Output the records below verbatim, minus the pictures.

Caption-style text data
%%
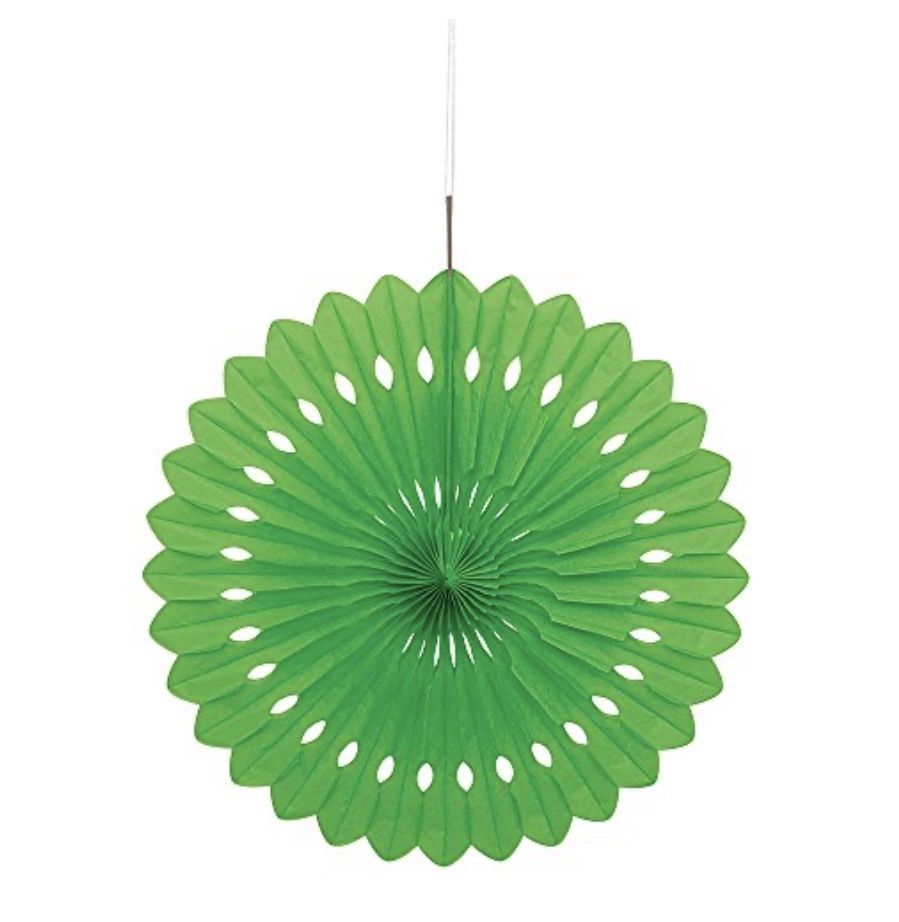 40cm Lime Green Tissue Paper Fan Decoration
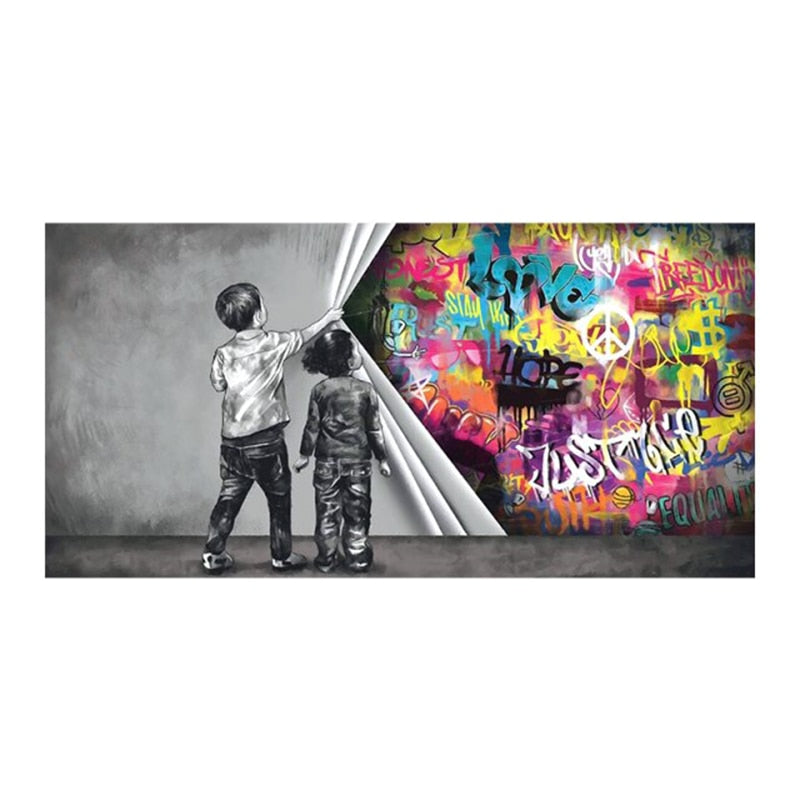Child Graffiti Abstract Fist Mobile Shackle Wall Art Picture Canvas Decorative Painting Poster Prints for Living Room Home Decor acacuss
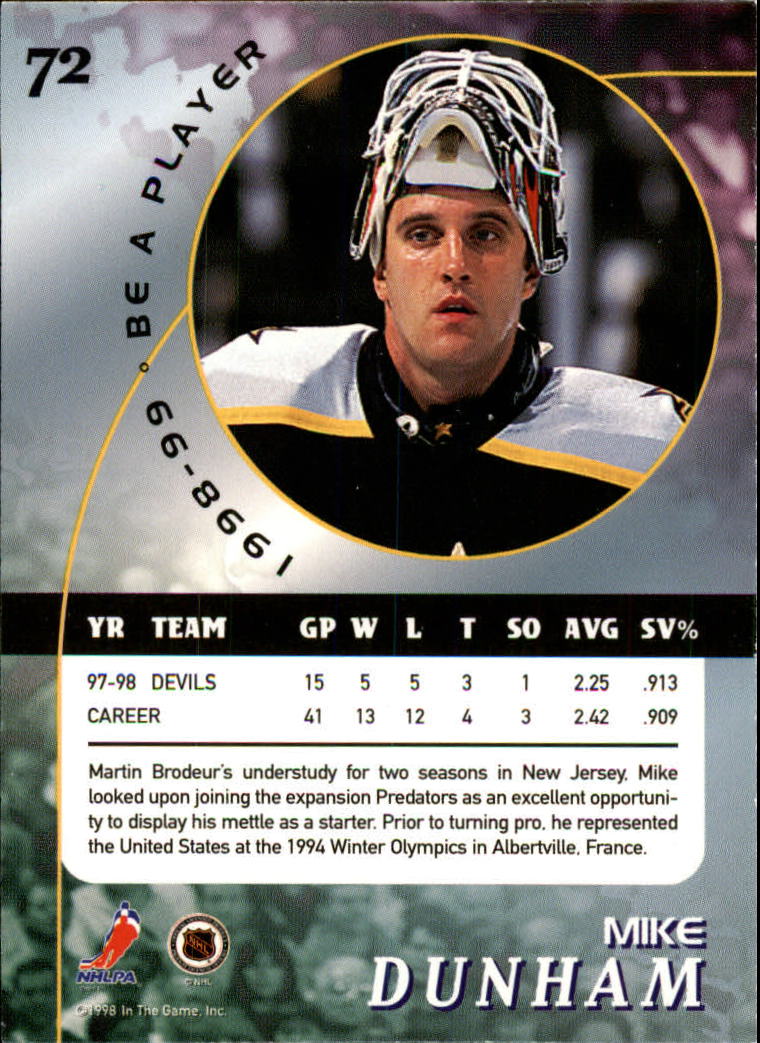 1998-99 Be A Player #72 Mike Dunham back image
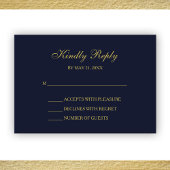 Elegant Navy & Gold Script RSVP Cards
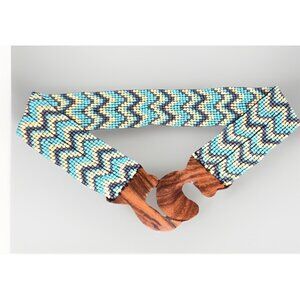 Womens Chevron Beaded Belt Southwestern Wood buckle Stretchy Handcrafted   (6)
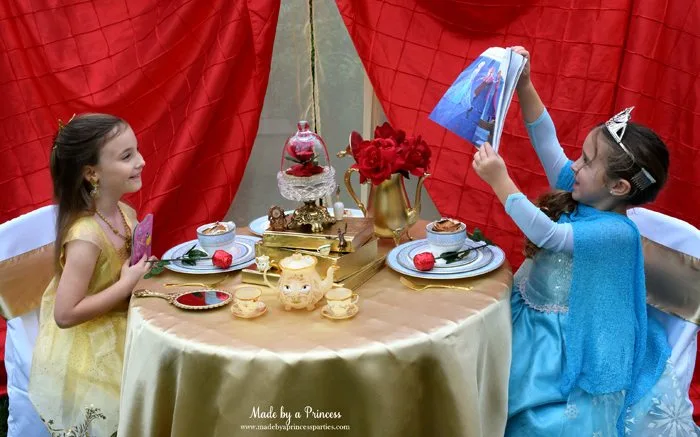 BEAUTY AND THE BEAST Themed Tea Party for Two. Elsa shares her story with Belle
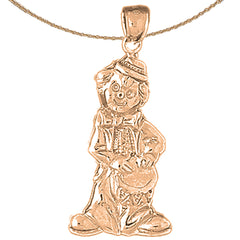 10K, 14K or 18K Gold Clown Pendant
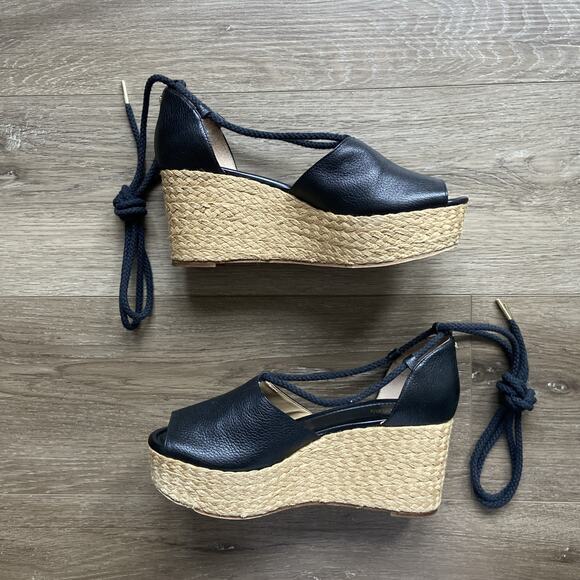 Michael Kors Espadrilles Platform Sandals Sz 8 Black Leather Tie-up - Picture 5 of 15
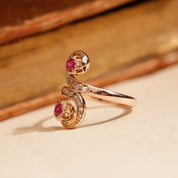 Bague vintage Toi&Moi rubis diamants 3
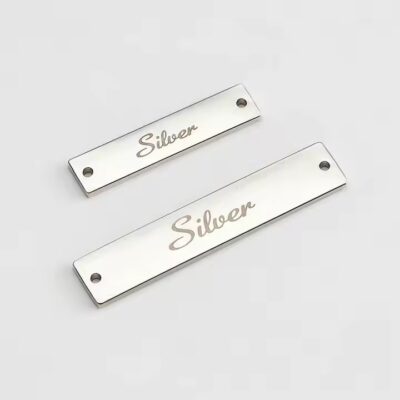 Custom rectangle metal label for clothing brand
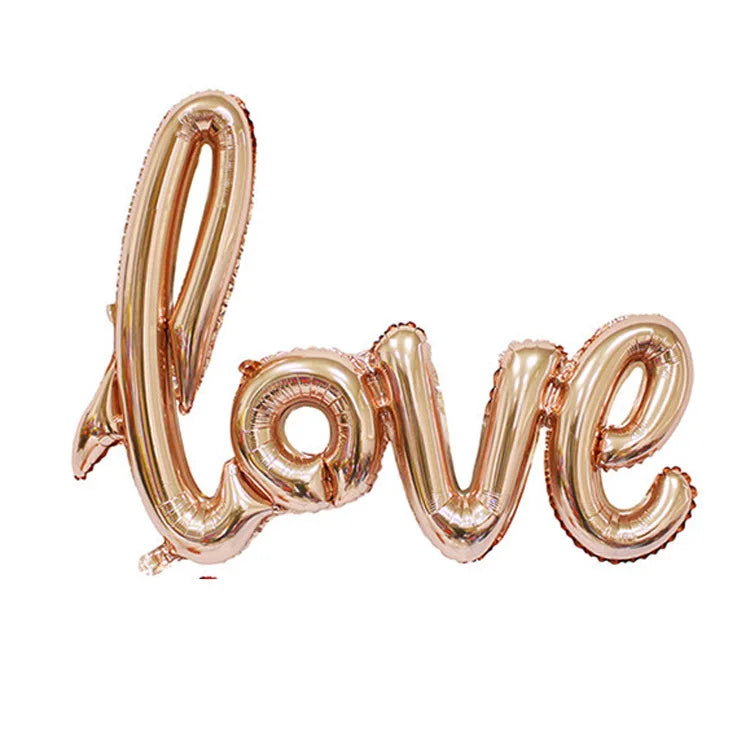 108cm LOVE Letter Foil Balloon - Perfect Wedding, Valentine's, Anniversary, or Birthday Party Decoration with Champagne Cup and Photo Booth Props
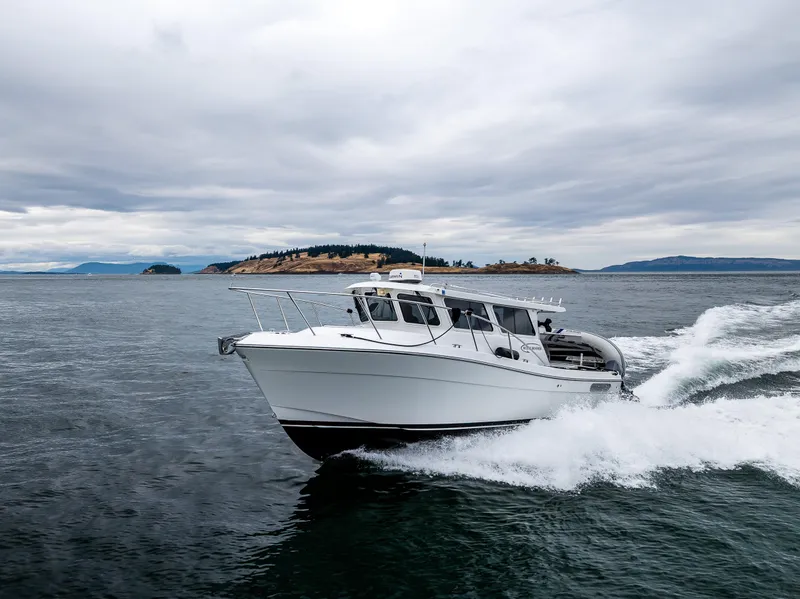 Slide: The Image of 2016 Lindell Ocean Roamer cruising on open water under cloudy skies. - 3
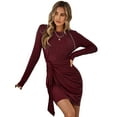 thumbnail image 2 of hirigin Women's Tie Waist Sweater Dress, Long Sleeve Round Neck Solid Color Ruched Knit Dress, 2 of 9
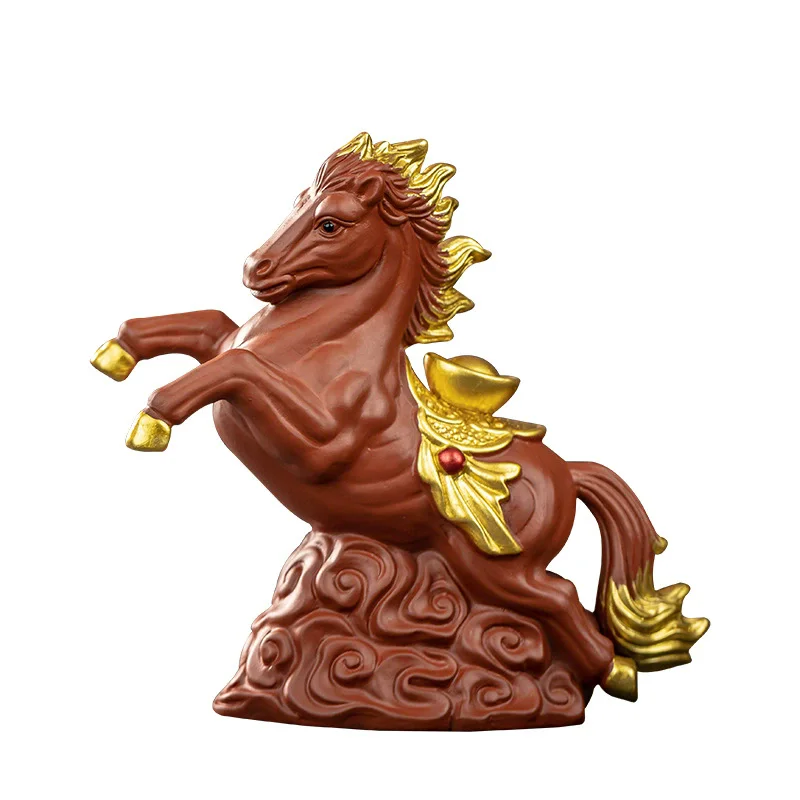 Money Coming Horse Zisha Clay Statue, Mini Figurine for Good Luck & Wealth, Unique Tea Set Accessory & Desk Gift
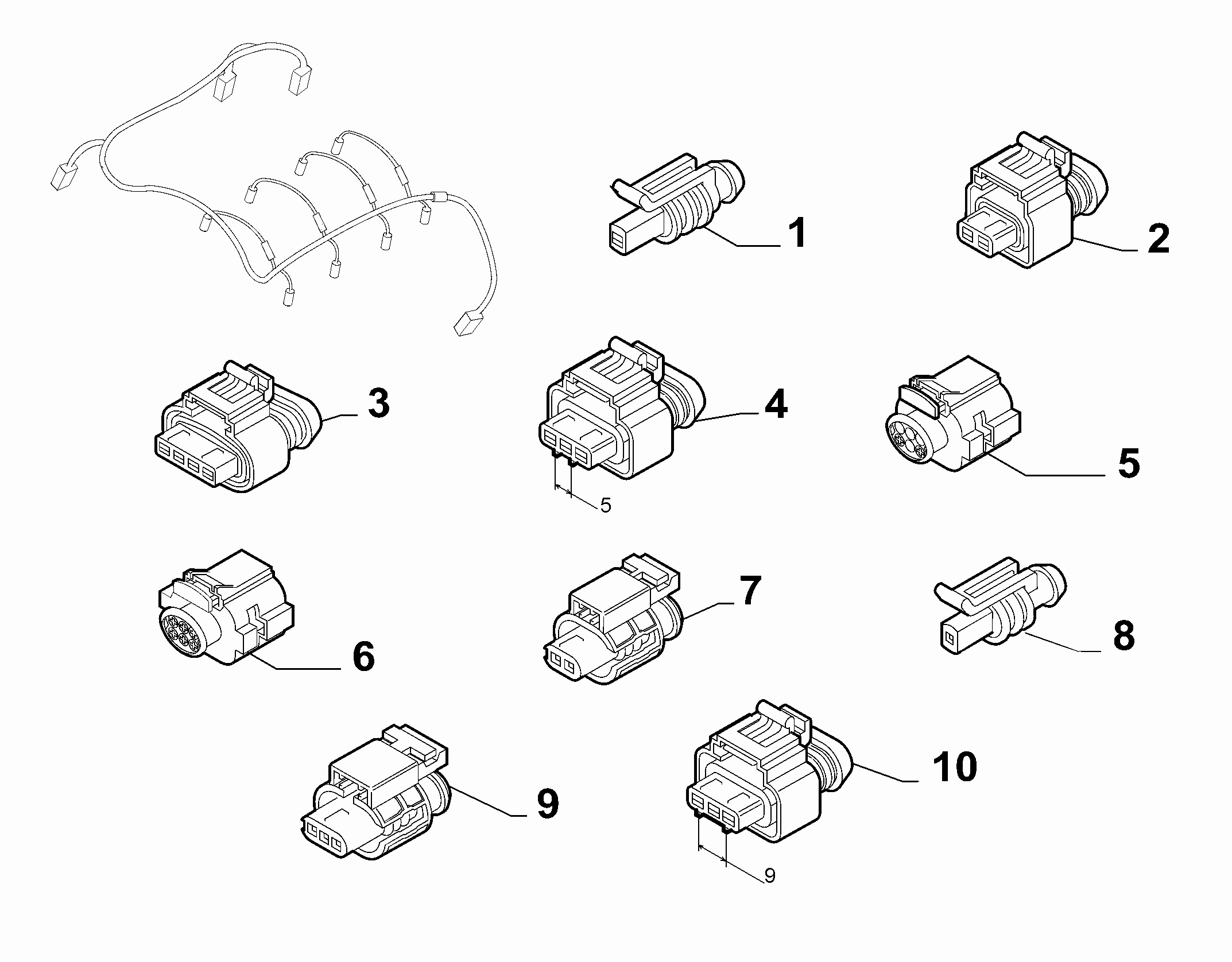 10226-060 ENGINE HARNESS CONNECTORS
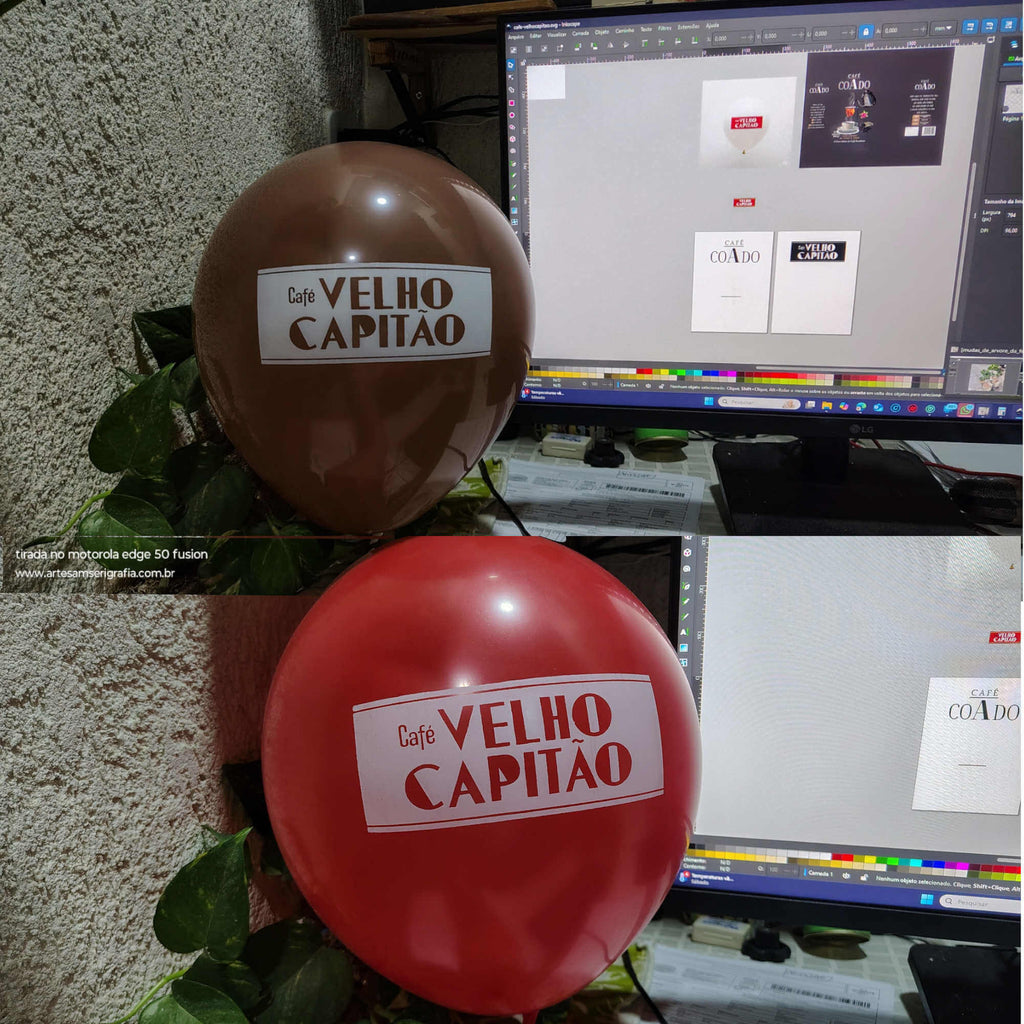100 Balões de Látex Personalizados em 1 Lado / 1 Cor - N9 Personalizados Exclusivos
%%
→ Response for this exercise
 40cm Lime Green Tissue Paper Fan Decoration
Child Graffiti Abstract Fist Mobile Shackle Wall Art Picture Canvas Decorative Painting Poster Prints for Living Room Home Decor acacuss
 1998-99 Be A Player #72 Mike Dunham back image
 Elegant Navy & Gold Script RSVP Cards
 Womens Chevron Beaded Belt Southwestern Wood buckle Stretchy Handcrafted   (6)
 BEAUTY AND THE BEAST Themed Tea Party for Two. Elsa shares her story with Belle
 10K, 14K or 18K Gold Clown Pendant
 Michael Kors Espadrilles Platform Sandals Sz 8 Black Leather Tie-up - Picture 5 of 15
 Bague vintage Toi&Moi rubis diamants 3
 Custom rectangle metal label for clothing brand
 108cm LOVE Letter Foil Balloon - Perfect Wedding, Valentine's, Anniversary, or Birthday Party Decoration with Champagne Cup and Photo Booth Props
 Slide: The Image of 2016 Lindell Ocean Roamer cruising on open water under cloudy skies. - 3
 thumbnail image 2 of hirigin Women's Tie Waist Sweater Dress, Long Sleeve Round Neck Solid Color Ruched Knit Dress, 2 of 9
 Money Coming Horse Zisha Clay Statue, Mini Figurine for Good Luck & Wealth, Unique Tea Set Accessory & Desk Gift
 10226-060 ENGINE HARNESS CONNECTORS
100 Balões de Látex Personalizados em 1 Lado / 1 Cor - N9 Personalizados Exclusivos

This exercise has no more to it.